Virginia will always be part of the historic South, while Geographically it's more mid-Atlanic than Southern, strictly speaking. Culturally though, it seems to be more aligned with Northern states now.

Personally, I see it more as being part of the "New South" along with Georgia and North Carolina rather than being "not the South". That, or maybe more accurately its just become an extension of the North with most of the population living in the DC suburbs.
I agree with the first two paragraphs, but disagree with the third. The only reason Virginia is lumped in with North Carolina, South Carolina, and Georgia is because of the old, antiquated Confederacy connection people keep peddling.

From a "human connection" perspective, Virginia is culturally, economically, and socially tied to the North. Northern Virginia is an urban appendage of the North (no different culturally from Maryland, which everyone treats as obviously Northern). And like a chain Richmond is linked to Northern Virginia, and Hampton Roads is linked to Richmond.

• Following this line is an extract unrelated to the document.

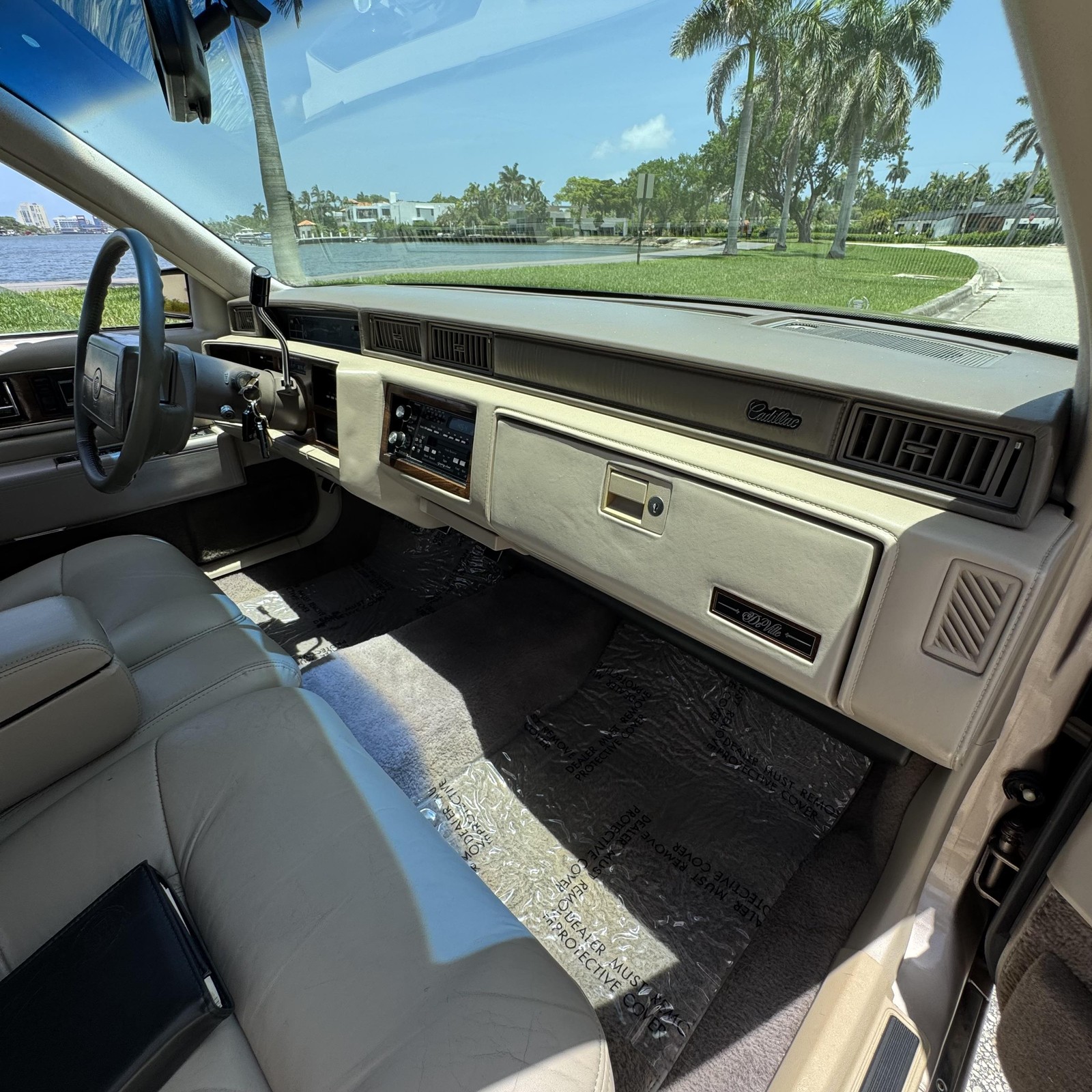 Cadillac-DeVille-1993-Sedan-29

That's the Virginia urban crescent. And with the growth of Virginia, that urban crescent is coalescing into a single urban region:



Conversely, there are very few ties between Richmond and Raleigh (not even a rail connection, which wasn't even on the radar until recently). In fact, there's a gigantic mental wall between the two, because from Richmond to Raleigh (2.5 hours) there's a whole lot of nothing. I could see Virginia as part of the New South if its urban landscape were a part of the "Piedmont Atlantic" megaregion above. But Virginians don't orient South, but North.